_Source data:_
- Opening Delimiter -

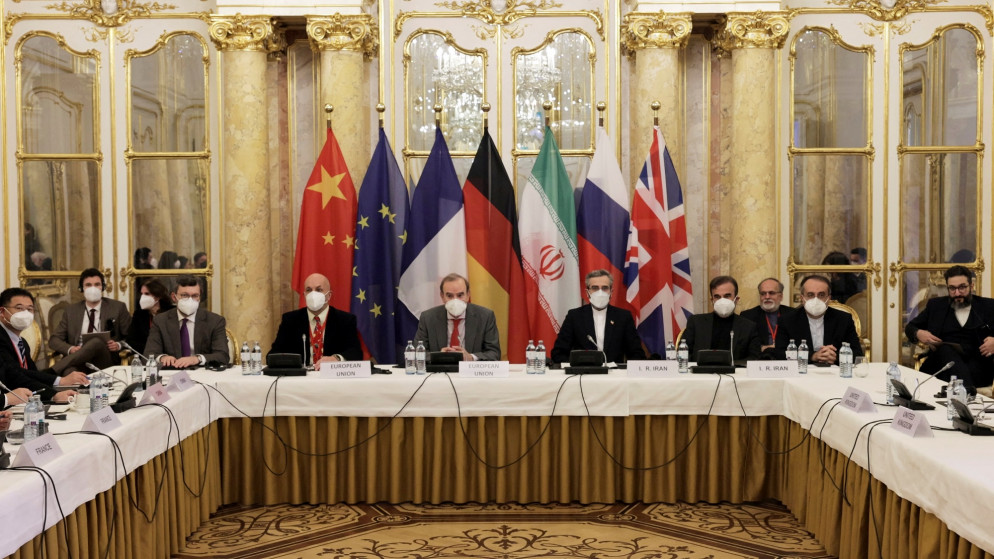 مفاوضات بين إيران وممثلين عن دول أوروبية في العاصمة النمساوية فيينا. (رويترز)
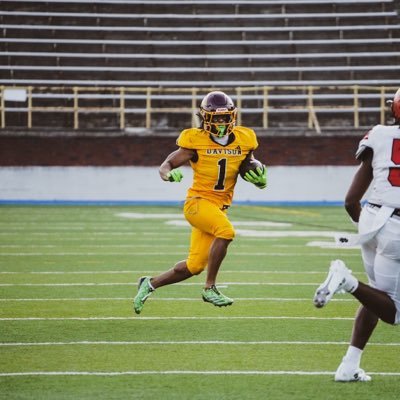 CoachZackGoodFB's tweet photo. Head Hunters Top 15 '27 RB Prospects:

1. ⭐️⭐️⭐️⭐️ @jeremiah_2027 Groves, MI
2. ⭐️⭐️⭐️⭐️ @DKWoods32 Crockett County, TN
3. ⭐️⭐️⭐️ @tylewis2027 Davison, MI
4. ⭐️⭐️⭐️ @ethanlaf3 Loudon Valley, VA
5. ⭐️⭐️ @IyenAddison Bradford, FL
6. ⭐️⭐️ @deontae_fields Labette County, KS
7.⭐️⭐️ @nathanKmorris NFL Academy, UK
8.⭐️⭐️ @symcbeath_2 Germantown, MS
9.⭐️⭐️ @roscoe_dean2 Hampshire, WV
10.⭐️⭐️ @kalobe_rond Committed to Incarnate Word
11.⭐️⭐️ @jeramiahda Dakota, MI
12. ⭐️⭐️ @Kolten_Kendall Moscow, ID
13.⭐️⭐️ @IsaacAnderson09 American Canyon, CA
14.⭐️⭐️ @Nathanlennon17 Gilmour Academy, OH
15.⭐️⭐️ @isaiahA02 Decatur, AL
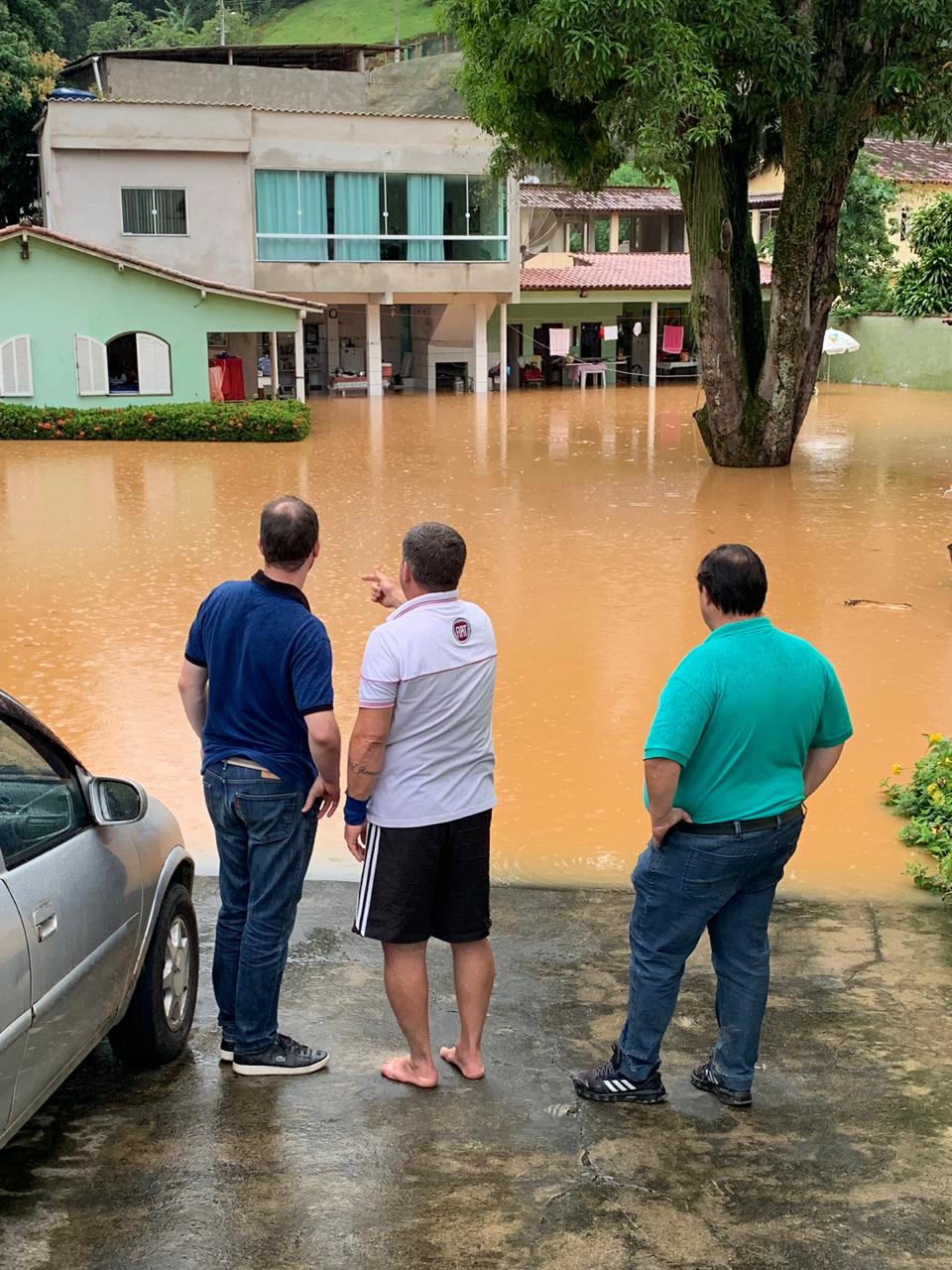 Comunidades foram tomadas pela água (Foto: Divulgação Prefeitura de Anchieta)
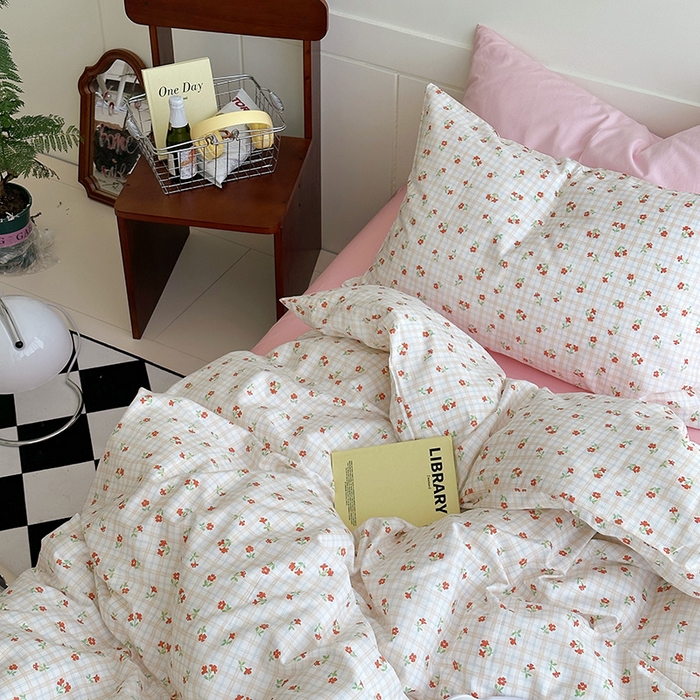 91家纺网 家纺一手货源 找家纺 2025新款纯棉小清新四件套小碎花学生三件套纯色床单印花枕套双人床笠 篱落粉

- Closing Delimiter -

_Exercise details:_ Copy exactly the lines from the line that has "Comunidades foram tomadas" through the last line of the entries above, inclusive, and no others. Pictures do not go in the copy.

_Answer for this exercise:_
 Comunidades foram tomadas pela água (Foto: Divulgação Prefeitura de Anchieta)
 91家纺网 家纺一手货源 找家纺 2025新款纯棉小清新四件套小碎花学生三件套纯色床单印花枕套双人床笠 篱落粉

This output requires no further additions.